コラム:トランプ氏勝利・経済対策不発でも中国株上昇の訳

 11月13日、 先週の中国株式市場は一見すると悪材料が相次いだ。上海の金融街で7日撮影(2024年 ロイター/Nicoco Chan)

[香港 13日 ロイター BREAKINGVIEWS] - 先週の中国株式市場は一見すると悪材料が相次いだ。まず、中国からの輸入品に一律60%の関税を課すと主張するトランプ前米大統領の返り咲きが決まった。

そして中国全国人民代表大会(全人代)常務委員会が発表した地方政府の隠れ債務対策も、大規模な財政刺激策を求める市場の期待に届かなかった。

さることながら中国株式市場の主要株価指数(CSI300指数)(.CSI300), opens new tabは、5.5%値上がりして先週の取引を終えた。

この直観に反する株価上昇を説明するには、次期トランプ政権発足直後の政策を市場をどう予想しているか、掘り下げて分析する必要がある。

まずトレーダーによると、大半の投資家は60%の関税をかけるというトランプ氏の脅しが交渉戦略で、大いに交渉の余地が残されていると考えている。

その証拠に、上海工場を保有する米電気自動車(EV)大手テスラ(TSLA.O), opens new tabのトップで、トランプ氏のアドバイザーを務める実業家イーロン・マスク氏がロビー活動を展開する可能性が高い、とトレーダーは指摘する。
Chart showing year-to-date performance of the CSI 300 stock index

また、ゴールドマン・サックスなど投資銀行のエコノミストは、中国製品に対する関税率について、60%ではなく、20%を基本シナリオとしている。これはトランプ氏が外国からの全輸入品に課すとしている関税率の上限に一致する。

中国は2018─19年に当時のトランプ政権が導入した10%の実効関税にすでに対処しており、メキシコやベトナムといった他の新興国よりもはるかに関税への耐性があるというのがエコノミストの見方だ。

また、中国には準備を万端に整えて待機する理由が十分にある。銀行の資本増強や不動産デベロッパーの支援といった政策について、現時点で詳細を明かさないことで、今後、米国が対中強硬姿勢をさらに強めた場合に柔軟な対応が可能になる。

だからと言って、中国株に強気になれる訳ではない。中国株は今年すでに20%近く値上がりしている。ただ、現時点では答えられない2つの問題があるため、年内はレンジ取引が続く可能性がある。実際の関税率はどの程度になるのか、中国がどのような対応に出るのかという問題だ。その間は中国人民銀行(中央銀行)が打ち出した株式購入支援制度などが株価を下支えする要因になる。

1期目のトランプ政権では関税戦争が始まるまで約1年を要した。今回、トランプ氏ははるかに速いペースで対応を進める意向を示唆している。

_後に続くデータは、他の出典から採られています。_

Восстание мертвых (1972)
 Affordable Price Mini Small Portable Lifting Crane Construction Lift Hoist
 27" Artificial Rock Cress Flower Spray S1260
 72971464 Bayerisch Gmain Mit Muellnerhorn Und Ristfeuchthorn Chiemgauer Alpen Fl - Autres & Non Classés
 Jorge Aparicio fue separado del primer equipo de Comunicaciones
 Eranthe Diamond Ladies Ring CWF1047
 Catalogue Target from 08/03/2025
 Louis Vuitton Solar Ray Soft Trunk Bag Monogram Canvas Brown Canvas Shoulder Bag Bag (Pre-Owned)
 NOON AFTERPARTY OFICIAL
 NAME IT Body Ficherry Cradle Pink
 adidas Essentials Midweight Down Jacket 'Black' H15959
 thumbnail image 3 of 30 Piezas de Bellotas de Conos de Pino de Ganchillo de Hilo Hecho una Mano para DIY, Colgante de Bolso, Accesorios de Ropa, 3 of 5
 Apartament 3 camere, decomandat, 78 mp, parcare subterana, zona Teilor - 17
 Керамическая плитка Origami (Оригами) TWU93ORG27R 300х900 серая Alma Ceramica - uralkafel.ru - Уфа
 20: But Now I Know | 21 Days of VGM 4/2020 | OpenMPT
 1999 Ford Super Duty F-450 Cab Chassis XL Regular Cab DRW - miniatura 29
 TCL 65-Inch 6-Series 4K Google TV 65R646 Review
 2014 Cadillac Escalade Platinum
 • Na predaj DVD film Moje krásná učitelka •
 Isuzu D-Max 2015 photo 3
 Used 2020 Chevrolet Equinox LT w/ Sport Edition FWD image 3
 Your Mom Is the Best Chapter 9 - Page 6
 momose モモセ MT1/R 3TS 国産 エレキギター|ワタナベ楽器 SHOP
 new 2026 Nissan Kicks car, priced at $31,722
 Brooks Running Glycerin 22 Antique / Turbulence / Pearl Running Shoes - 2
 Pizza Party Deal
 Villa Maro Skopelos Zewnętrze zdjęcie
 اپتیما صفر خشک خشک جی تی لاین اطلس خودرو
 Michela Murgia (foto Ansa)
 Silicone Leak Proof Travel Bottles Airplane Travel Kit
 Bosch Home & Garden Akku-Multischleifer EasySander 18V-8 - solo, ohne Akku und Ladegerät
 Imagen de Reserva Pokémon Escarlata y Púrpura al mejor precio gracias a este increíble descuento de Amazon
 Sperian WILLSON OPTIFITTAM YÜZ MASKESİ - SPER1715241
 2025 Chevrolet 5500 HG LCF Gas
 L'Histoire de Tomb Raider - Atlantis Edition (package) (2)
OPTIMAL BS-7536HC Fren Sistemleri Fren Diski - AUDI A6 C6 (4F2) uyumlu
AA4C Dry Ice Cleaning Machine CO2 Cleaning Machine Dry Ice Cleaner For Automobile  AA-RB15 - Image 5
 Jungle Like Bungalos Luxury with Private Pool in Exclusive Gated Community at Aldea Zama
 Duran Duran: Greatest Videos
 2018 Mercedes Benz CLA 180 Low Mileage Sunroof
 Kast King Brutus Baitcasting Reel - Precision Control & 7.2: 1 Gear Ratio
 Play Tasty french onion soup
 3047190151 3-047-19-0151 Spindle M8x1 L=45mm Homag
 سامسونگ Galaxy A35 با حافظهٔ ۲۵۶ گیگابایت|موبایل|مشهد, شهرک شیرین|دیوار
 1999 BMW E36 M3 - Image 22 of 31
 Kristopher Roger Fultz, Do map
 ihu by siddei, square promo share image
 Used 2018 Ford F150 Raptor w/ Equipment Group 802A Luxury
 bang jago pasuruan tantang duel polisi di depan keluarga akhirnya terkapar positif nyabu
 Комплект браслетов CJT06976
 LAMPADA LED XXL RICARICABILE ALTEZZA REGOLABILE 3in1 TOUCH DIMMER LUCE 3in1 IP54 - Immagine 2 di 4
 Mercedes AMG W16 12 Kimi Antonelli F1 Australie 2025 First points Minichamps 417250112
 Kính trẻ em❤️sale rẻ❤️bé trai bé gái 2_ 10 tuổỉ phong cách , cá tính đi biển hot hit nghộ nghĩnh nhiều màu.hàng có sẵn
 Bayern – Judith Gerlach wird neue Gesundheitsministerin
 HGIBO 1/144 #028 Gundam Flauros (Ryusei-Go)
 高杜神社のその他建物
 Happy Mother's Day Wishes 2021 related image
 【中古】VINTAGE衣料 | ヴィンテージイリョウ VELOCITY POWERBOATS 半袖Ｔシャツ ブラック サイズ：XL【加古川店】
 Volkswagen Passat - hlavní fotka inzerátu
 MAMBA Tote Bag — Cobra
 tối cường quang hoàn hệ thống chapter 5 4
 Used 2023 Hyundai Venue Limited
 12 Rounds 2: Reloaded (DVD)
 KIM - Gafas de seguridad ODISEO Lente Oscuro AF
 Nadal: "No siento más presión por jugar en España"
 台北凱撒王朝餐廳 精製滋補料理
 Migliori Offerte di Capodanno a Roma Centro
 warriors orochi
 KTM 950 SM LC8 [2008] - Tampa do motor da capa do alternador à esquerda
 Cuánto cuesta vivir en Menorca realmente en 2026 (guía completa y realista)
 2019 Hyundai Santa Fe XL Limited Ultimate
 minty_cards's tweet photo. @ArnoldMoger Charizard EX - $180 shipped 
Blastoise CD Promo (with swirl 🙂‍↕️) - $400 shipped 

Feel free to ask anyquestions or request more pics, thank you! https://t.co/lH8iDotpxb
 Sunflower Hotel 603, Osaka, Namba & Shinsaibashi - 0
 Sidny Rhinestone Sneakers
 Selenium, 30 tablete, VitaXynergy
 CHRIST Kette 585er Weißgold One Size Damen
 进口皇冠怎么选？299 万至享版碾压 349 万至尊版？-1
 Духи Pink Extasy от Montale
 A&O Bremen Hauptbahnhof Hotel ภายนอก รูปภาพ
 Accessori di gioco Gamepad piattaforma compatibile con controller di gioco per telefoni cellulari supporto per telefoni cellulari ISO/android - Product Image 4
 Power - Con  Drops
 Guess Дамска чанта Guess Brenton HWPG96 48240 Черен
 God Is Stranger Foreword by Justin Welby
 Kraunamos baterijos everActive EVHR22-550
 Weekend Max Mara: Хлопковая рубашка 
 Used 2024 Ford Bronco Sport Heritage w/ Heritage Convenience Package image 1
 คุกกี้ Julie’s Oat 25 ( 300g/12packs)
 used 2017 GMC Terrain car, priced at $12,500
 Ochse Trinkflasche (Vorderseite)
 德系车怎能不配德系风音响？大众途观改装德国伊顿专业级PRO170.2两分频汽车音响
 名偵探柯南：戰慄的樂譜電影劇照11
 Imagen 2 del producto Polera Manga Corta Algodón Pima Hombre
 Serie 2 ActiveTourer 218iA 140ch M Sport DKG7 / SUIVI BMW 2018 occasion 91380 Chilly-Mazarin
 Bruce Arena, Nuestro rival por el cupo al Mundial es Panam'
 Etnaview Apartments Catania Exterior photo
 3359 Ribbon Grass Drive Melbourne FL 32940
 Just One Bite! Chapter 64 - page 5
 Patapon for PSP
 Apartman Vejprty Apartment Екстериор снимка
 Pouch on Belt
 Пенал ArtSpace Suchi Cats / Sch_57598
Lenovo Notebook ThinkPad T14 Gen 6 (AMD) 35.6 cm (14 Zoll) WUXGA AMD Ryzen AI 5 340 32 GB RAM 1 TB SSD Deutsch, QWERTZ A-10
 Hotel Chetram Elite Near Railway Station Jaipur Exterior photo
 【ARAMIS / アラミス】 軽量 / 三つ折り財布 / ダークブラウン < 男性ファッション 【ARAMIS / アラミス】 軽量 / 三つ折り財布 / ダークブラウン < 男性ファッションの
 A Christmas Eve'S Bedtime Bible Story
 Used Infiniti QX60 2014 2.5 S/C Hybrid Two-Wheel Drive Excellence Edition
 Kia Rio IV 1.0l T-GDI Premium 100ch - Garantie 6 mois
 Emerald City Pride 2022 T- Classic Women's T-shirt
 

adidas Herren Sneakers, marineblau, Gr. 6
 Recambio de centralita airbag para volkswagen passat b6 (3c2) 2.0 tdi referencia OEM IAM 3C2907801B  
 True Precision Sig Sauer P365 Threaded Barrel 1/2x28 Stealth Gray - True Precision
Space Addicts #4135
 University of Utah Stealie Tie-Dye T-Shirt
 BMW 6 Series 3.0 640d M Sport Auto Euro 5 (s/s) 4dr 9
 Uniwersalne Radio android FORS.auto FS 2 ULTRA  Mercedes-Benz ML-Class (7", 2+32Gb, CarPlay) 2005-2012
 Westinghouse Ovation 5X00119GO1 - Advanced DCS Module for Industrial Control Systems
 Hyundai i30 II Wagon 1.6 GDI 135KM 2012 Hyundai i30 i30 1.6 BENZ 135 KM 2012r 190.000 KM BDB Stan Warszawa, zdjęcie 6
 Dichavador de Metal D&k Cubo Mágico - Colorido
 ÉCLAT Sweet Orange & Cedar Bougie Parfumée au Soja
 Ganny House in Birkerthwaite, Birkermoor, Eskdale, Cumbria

また、人民元は対ドルで圧力に見舞われており、トランプ氏が現時点で要職に起用した人物はかなりの対中強硬派に見える。

現時点で市場に織り込まれている最善のシナリオは、控えめに言っても心もとないものに見える。

●背景となるニュース

*米大統領選でトランプ氏の勝利が判明した今月6日以降、CSI300指数は2%上昇している。

*中国の全人代常務委員会は8日、地方政府の「隠れ債務」について10兆元(1兆4000億ドル)規模の対策を発表した。 もっと見る

(筆者は「Reuters Breakingviews」のコラムニストです。本コラムは筆者の個人的見解に基づいて書かれています)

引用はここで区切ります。